File fragmentation -- the splitting of files into multiple pieces in order to fully utilize disk space -- affects TCO in numerous ways. The first of these is, of course, slow system performance, which in serious fragmentation situations can be quite drastic. Not only can performance be slowed down, it can even be halted altogether. The amount of IT department hours spent in an effort to address these performance problems can quickly mount, especially when the true culprit has not been isolated, and TCO climbs radically.

Another cost that can be directly traced to fragmentation is that of help desk calls. A help desk call means that a valuable IT employee must stop whatever he or she is doing and immediately assist a user. Performance is a top item for help desk calls, and a prime suspect in performance troubles is fragmentation.

A third way that fragmentation impacts TCO is in the toll on hard drives. Because it requires greatly increased I/O traffic to pull together all the fragments of a file, a hard drive takes more than expected punishment. Expected disk drive life -- figured into TCO -- can be shortened by a third or even by half.

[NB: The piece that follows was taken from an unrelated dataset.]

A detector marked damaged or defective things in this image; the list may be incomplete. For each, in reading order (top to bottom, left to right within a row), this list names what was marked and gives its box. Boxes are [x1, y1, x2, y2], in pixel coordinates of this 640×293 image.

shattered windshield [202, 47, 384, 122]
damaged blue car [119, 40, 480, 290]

Interestingly, many sites have crossed fragmentation off their lists of performance threats due to the implementation of scheduled defragmentation. But a closer analysis will reveal that scheduled defrag -- now outmoded -- is allowing fragmentation to still have a negative affect on TCO. Because file sizes and disk capacities have grown so dramatically, fragmentation continues to build in between scheduled defrag runs. And in the case of very large disks, defrag may not be occurring at all.

Scheduled defrag is also having a negative impact on TCO through the amount of IT hours it takes to analyze and schedule it.

Currently the only truly cost-effective defragmenter is the completely automatic solution provided by Diskeeper® Corporation. Utilizing a proprietary technology called InvisiTasking™, Diskeeper defragments invisibly, in the background, whenever otherwise-idle resources are available. Performance is always maintained at maximum. And since scheduling is not required at all, precious IT hours can be spent on higher-priority projects.

Diskeeper implemented across an entire enterprise means that performance, help desk calls, hard drive life and IT hours are once again restored to their rightful places and cost-effectiveness in the TCO of a computer system.